Enter Wendy. Wendy seemed convivial at first, asking for my name, which she promptly forgot and asked for again. I forgave her and provided her with an out by referencing a psychology study that explained that people often forget a newly introduced person’s name because the brain is busy processing all of the new visual stimuli.

Psychology was the key to pandora’s box.
Well, if you took psychology, did you ever learn about the psychology of suicide? Excuse me? Wendy, remember how less than a minute ago you didn’t know my name? No, I did not learn about the psychology of suicide. The reason I ask is because my girlfriend has really been mind-f*&#ed because her last two boyfriends both committed suicide. A reminder: I pay $15, you cut my hair. I didn’t come to barter, one haircut for one counseling session please.

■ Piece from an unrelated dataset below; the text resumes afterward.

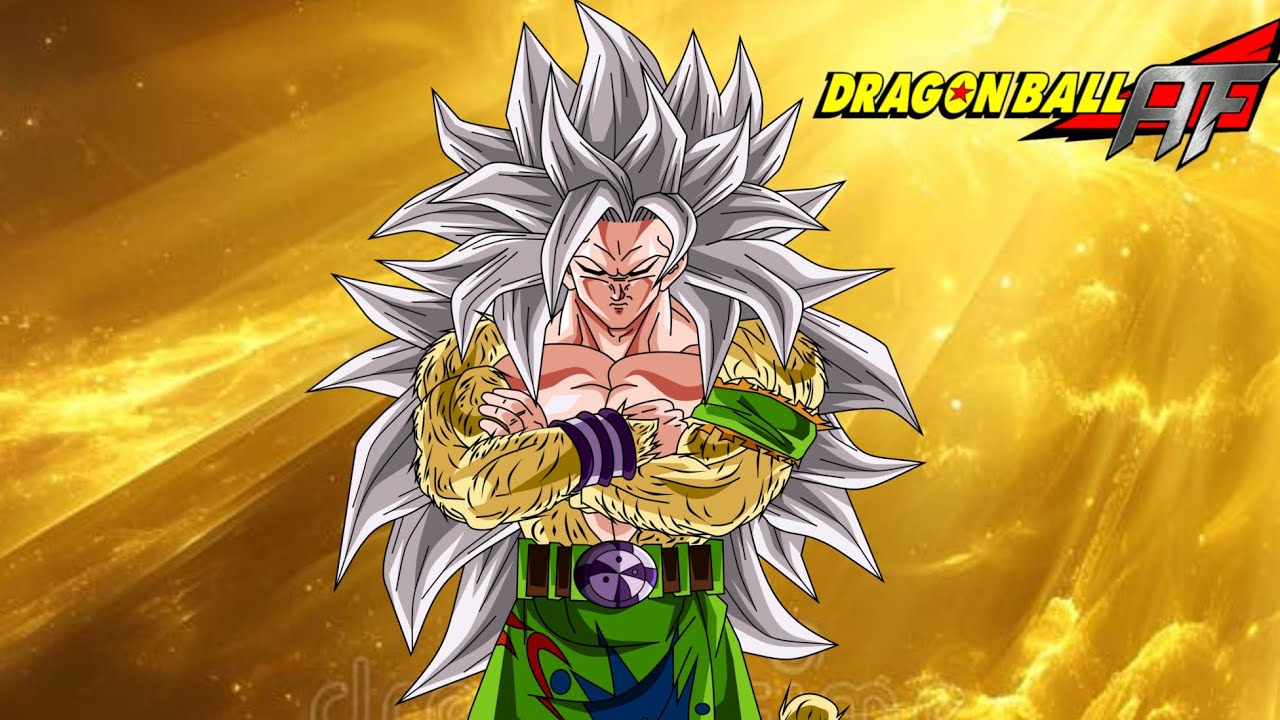 Dragon Ball AF Custom Themes: Goku Awakens The Celestial SSJ Mystic 5  @dbnews2147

Wendy proceeded to inform me of all the other joys of her life, starting with birth. You see, in 1964 they gave her mother a laxative before birth. Consequently, Wendy was almost conceived in the toilet. The optimist in me chimed in to tell her that at least it was only
almost. On the show I Didn’t Know I Was Pregnant a lady didn’t know she was pregnant until she actually birthed her child in the bowl. She was appropriately named Ariel.

I guess I should have known what I was getting myself into. The first sign was when Wendy, instead of using the hair dryer on me, used it to wisp her own hair and stare longingly at her reflection in the mirror.

Well
Hair Reflections, consider this my hair reflection. I ain’t coming back.